[Problem requirements] Copy out the listing that follows, exact in every word, and skip the images.

[Provided entries]

---

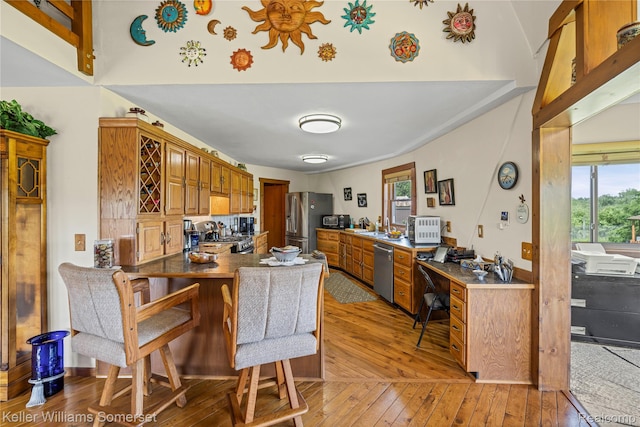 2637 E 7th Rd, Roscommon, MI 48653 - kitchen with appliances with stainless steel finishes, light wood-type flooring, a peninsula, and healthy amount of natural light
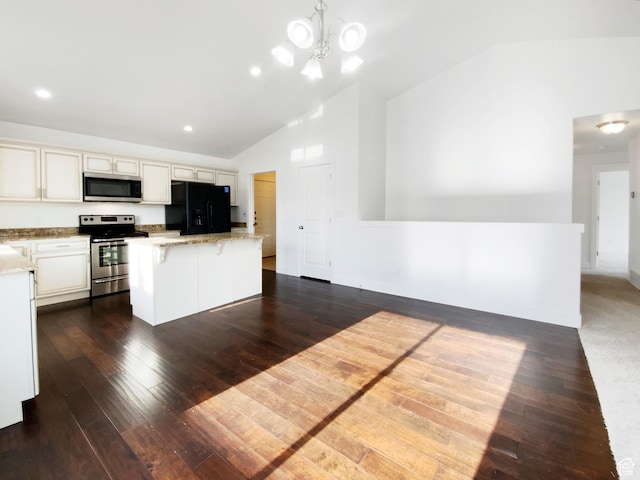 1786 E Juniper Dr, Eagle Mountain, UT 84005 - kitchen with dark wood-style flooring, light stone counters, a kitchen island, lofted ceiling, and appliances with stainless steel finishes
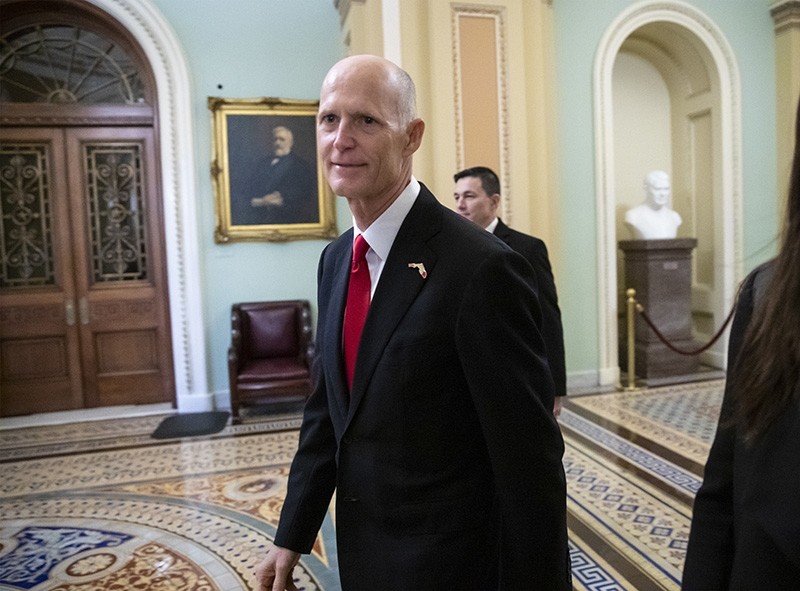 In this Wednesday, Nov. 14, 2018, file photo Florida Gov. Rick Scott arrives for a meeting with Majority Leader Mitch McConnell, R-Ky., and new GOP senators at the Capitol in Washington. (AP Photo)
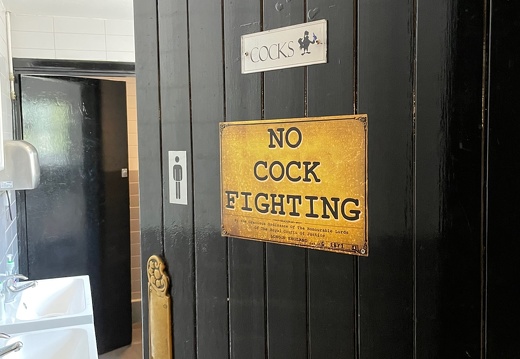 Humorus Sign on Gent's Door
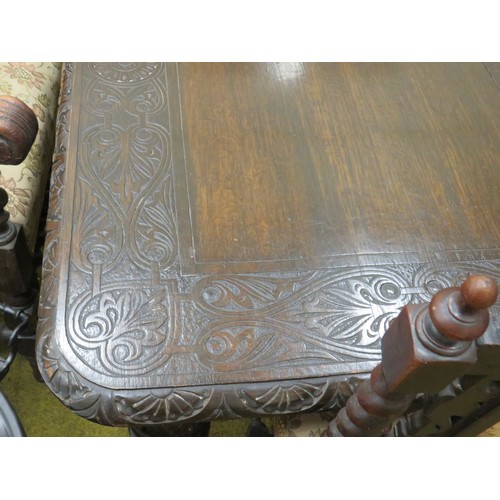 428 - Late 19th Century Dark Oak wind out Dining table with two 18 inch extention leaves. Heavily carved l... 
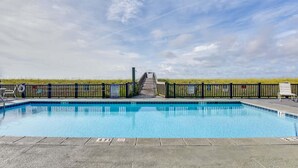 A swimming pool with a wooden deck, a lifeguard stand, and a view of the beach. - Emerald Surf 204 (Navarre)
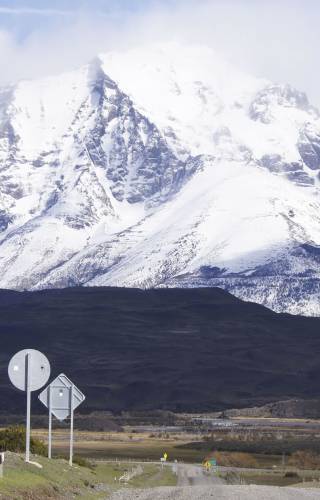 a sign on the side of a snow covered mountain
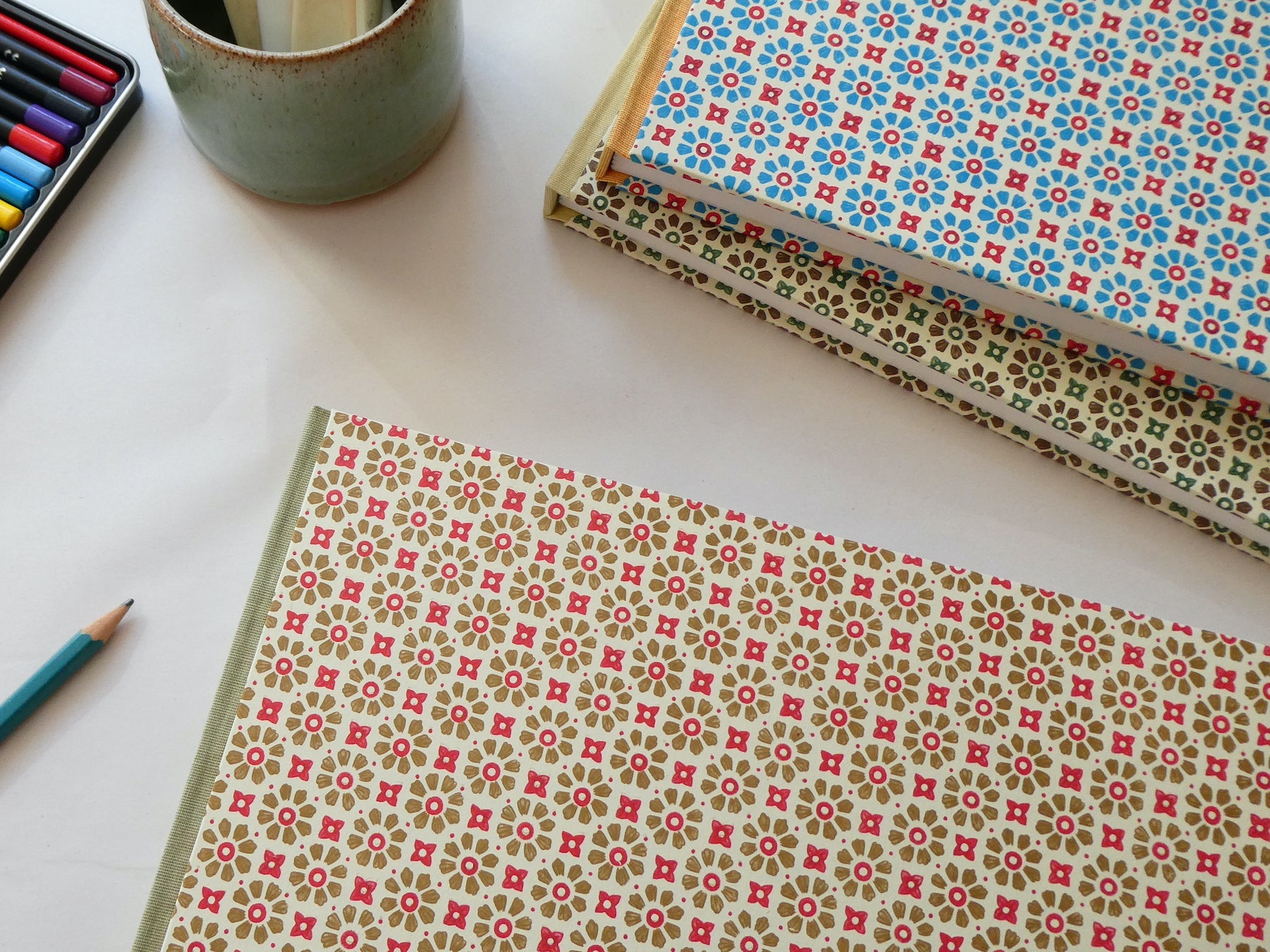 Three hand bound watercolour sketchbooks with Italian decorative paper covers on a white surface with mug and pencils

---

[Task solution]
 2637 E 7th Rd, Roscommon, MI 48653 - kitchen with appliances with stainless steel finishes, light wood-type flooring, a peninsula, and healthy amount of natural light
 1786 E Juniper Dr, Eagle Mountain, UT 84005 - kitchen with dark wood-style flooring, light stone counters, a kitchen island, lofted ceiling, and appliances with stainless steel finishes
 In this Wednesday, Nov. 14, 2018, file photo Florida Gov. Rick Scott arrives for a meeting with Majority Leader Mitch McConnell, R-Ky., and new GOP senators at the Capitol in Washington. (AP Photo)
 Humorus Sign on Gent's Door
 428 - Late 19th Century Dark Oak wind out Dining table with two 18 inch extention leaves. Heavily carved l... 
 A swimming pool with a wooden deck, a lifeguard stand, and a view of the beach. - Emerald Surf 204 (Navarre)
 a sign on the side of a snow covered mountain
 Three hand bound watercolour sketchbooks with Italian decorative paper covers on a white surface with mug and pencils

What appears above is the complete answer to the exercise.